Aside - GPT2 tokenizer uses special characters to represent space
GPT2 tokenizer uses "Ġ" to represent prepended space. So ["My", " name", " is", " James"] will be tokenized as ["My", "Ġname", "Ġis", "ĠJames"]. Make sure you replace "Ġ" with an actual space.
# YOUR CODE HERE - extract and visualize attention
Click to see the expected output
Solution (and explanation)
with model.trace(prompt, remote=REMOTE):
attn_patterns = model.transformer.h[0].attn.attn_dropout.input.save()
# Get string tokens (replacing special character for spaces)
str_tokens = model.tokenizer.tokenize(prompt)
str_tokens = [s.replace('Ġ', ' ') for s in str_tokens]
# Attention patterns (squeeze out the batch dimension)
attn_patterns_value = attn_patterns.squeeze(0)
print("Layer 0 Head Attention Patterns:")
display(cv.attention.attention_patterns(
tokens=str_tokens,
attention=attn_patterns_value,
))
Explanation:
Within the context managers: We access the attention patterns by taking the input to theattn_dropout.
From the GPT-J source code, we can see that the attention weights are calculated by standard torch functions (and an unnamed nn.Softmax module) from the key and query vectors, and are then passed through the dropout layer before being used to calculate the attention layer output. So by accessing the input to the dropdown layer, we get the attention weights before dropout is applied.

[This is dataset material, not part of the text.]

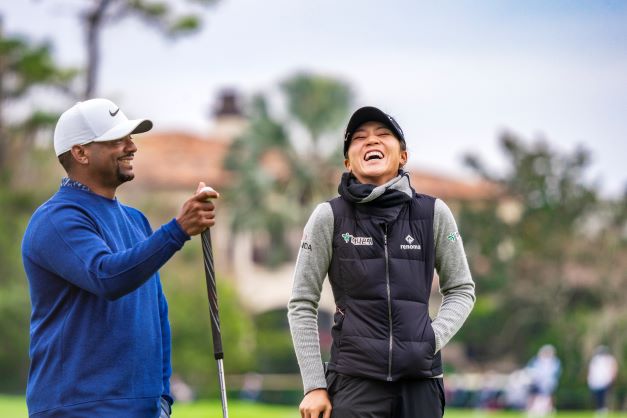 Candid, celebrity and LPGA athlete interaction, laughing on course, 2022 Hilton Grand Vacations Tournament of Champions, Lake Nona Golf & Country Club, Florida.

Because of the previously discussed point about dropout not working in inference mode, we could also use the output of attn_dropout, and get the same values.
We use the .save() method to save the attention patterns (as an object).
Outside of the context managers:
* We use the tokenize method to tokenize the prompt.
As an optional bonus exercise, you can verify for yourself that these are the correct attention patterns, by calculating them from scratch using the key and query vectors. Using model.transformer.h[0].attn.q_proj.output will give you the query vectors, and k_proj for the key vectors. However, one thing to be wary of is that GPT-J uses rotary embeddings, which makes the computation of attention patterns from keys and queries a bit harder than it would otherwise be. See here for an in-depth discussion of rotary embeddings, and here for some rough intuitions.